MIRA. Spunta un indagato nel giallo dei 150 fusti pieni di rifiuti pericolosi provenienti per la maggior parte dalla base americana di Sigonella, in Sicilia, che viaggiavano sul camion fermato mercoledì dalla polizia locale lungo la Romea a Mira. Si tratta del conducente del mezzo pesante, un 58enne dipendente della ditta “Zuccaro Trasporti” di Catania incaricata dalla “FG Recycling”, sempre di Catania, di portare il carico al “Centro Risorse” di Motta di Livenza, nel Trevigiano. All’autista, per il momento, la Procura veneziana contesta una violazione in materia di trasporto di rifiuti pericolosi. Secondo quanto rilevato dalla polizia locale di Mira, infatti, ci sarebbero delle difformità tra i documenti di trasporto (i cosiddetti formulari) e l’effettiva merce trasportata, che peraltro non sarebbe stata imballata in modo corretto. Accuse, queste, fermamente respinte dalla società catanese che ha effettuato la spedizione, secondo cui la documentazione che accompagnava i fusti era chiara e spiegava correttamente il contenuto. La ditta di trasporto aveva invece precisato che la responsabilità sulle bolle (e quindi sulla loro regolarità) è della ditta che invia il materiale. Va detto che l’iscrizione sul registro degli indagati del conducente del camion è un atto dovuto, ma non significa che l’indagine si fermi qua. È possibile infatti che nelle prossime settimane l’elenco degli indagati possa allungarsi.

Intanto nelle scorse ore la pubblico ministero Elisabetta Spigarelli ha inviato la richiesta al giudice per le indagini preliminari di convalidare il sequestro del camion. Il gip avrà dieci giorni di tempo per decidere se mantenere i sigilli sul mezzo, e quindi su quanto trasportato, così da proseguire nelle indagini, o se restituire tutto ai proprietari. In caso di convalida del sequestro, la proprietà potrà comunque ricorrere al tribunale del Riesame.


Compiuti questi primi atti urgenti, la sostituto procuratore Spigarelli passerà il fascicolo a uno dei colleghi che si occupano di reati in materia ambientale. C’è da capire anzitutto cosa sia contenuto nei 150 fusti. Secondo la “FG Recycling” si tratta di rifiuti speciali provenienti dalla manutenzione delle navi e degli aerei dell’esercito americano che fanno base in Sicilia, la gran parte provenienti da Sigonella e da Ragusa. In quest’ultimo porto attraccano le navi da guerra americane presenti nel sud del Mediterraneo.
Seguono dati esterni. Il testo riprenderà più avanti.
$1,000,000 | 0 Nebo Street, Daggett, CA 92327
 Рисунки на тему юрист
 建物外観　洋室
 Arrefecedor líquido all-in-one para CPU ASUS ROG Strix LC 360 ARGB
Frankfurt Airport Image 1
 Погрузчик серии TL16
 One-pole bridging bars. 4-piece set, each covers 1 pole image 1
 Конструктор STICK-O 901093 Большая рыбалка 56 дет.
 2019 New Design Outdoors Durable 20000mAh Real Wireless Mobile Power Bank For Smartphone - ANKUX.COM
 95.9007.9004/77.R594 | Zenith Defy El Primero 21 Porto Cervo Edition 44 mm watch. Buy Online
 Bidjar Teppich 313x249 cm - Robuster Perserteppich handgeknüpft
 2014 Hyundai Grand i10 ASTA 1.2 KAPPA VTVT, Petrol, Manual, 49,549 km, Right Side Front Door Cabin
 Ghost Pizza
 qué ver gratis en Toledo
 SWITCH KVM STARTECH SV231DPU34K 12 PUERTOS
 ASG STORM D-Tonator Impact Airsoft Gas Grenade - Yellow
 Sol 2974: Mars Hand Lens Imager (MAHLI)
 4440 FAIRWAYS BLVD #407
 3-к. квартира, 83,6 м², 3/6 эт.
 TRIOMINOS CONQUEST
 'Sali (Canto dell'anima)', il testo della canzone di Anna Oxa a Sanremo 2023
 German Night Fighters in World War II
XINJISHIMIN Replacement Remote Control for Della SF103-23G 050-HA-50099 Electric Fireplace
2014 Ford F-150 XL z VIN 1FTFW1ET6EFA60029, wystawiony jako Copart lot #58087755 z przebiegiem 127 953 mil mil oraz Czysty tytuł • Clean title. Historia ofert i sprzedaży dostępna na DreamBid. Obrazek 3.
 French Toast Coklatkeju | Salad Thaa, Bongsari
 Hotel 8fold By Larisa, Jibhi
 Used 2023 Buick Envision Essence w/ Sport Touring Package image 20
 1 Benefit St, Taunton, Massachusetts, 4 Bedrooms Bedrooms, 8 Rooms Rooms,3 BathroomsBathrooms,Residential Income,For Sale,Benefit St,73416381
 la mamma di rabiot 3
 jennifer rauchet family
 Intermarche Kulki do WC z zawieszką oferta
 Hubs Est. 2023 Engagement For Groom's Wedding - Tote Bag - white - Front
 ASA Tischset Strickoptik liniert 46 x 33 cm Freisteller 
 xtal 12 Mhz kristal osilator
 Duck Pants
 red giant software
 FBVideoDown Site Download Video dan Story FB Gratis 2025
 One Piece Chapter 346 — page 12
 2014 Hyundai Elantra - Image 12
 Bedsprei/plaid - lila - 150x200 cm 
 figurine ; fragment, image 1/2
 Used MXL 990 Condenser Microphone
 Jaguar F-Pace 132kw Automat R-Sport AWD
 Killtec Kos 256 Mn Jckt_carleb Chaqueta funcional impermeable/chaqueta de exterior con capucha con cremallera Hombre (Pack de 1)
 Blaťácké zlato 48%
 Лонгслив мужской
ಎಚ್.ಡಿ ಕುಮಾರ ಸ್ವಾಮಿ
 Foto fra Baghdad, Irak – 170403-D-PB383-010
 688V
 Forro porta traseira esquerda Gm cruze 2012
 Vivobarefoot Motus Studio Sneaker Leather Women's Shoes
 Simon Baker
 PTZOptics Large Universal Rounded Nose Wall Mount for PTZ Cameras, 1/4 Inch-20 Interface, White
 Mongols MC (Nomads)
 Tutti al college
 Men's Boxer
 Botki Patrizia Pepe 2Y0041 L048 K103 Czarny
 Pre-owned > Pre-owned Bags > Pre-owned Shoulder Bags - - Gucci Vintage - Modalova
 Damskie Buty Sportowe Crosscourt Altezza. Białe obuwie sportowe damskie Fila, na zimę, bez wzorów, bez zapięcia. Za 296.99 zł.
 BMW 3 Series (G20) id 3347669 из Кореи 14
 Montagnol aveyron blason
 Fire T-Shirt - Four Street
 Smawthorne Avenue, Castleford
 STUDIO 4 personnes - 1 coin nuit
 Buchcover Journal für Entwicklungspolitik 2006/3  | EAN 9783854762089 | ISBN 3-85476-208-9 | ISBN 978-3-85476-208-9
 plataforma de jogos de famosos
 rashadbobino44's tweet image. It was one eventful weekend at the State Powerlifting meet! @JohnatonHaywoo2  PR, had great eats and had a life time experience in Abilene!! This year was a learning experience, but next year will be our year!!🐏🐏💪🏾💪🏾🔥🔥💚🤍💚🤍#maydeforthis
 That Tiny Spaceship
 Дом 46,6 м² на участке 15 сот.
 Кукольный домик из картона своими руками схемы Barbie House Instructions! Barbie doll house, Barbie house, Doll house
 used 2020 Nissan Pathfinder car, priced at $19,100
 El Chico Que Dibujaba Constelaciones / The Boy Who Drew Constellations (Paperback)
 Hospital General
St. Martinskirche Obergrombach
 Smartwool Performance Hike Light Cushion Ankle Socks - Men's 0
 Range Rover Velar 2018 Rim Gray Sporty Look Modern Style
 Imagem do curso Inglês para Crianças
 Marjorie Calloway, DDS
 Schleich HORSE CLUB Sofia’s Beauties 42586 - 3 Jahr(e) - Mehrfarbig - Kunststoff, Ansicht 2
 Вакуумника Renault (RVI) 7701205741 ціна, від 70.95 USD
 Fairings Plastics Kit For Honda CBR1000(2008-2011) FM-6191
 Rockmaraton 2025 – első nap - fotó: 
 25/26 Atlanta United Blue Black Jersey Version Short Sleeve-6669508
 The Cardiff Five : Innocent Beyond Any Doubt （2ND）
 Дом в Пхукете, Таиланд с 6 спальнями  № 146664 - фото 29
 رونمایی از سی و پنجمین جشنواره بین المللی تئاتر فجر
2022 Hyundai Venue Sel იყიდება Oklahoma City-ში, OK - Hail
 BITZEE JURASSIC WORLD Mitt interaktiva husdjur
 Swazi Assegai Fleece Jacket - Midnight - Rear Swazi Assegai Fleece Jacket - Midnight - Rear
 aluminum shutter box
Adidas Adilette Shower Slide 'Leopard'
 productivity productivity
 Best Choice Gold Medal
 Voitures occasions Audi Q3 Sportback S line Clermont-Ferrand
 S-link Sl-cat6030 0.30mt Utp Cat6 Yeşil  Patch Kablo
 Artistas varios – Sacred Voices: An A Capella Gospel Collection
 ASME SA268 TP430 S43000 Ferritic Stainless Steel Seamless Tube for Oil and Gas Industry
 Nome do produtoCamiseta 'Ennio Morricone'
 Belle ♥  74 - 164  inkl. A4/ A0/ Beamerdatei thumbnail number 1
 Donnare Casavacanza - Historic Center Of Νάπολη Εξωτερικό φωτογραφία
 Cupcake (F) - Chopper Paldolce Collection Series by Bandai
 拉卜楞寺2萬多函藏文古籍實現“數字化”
Nello specifico i fusti sarebbero pieni di bombolette spray usate che contenevano varie sostanze, stracci sporchi di colore e solventi, fanghi provenienti da pozzetti di ispezione delle basi, resti di colore e altre sostanze usate per la manutenzione ordinaria di navi. Il Nucleo Nbcr dei vigili del fuoco, intervenuto subito dopo lo stop del camion, aveva escluso la presenza di radioattività ed emissioni nocive.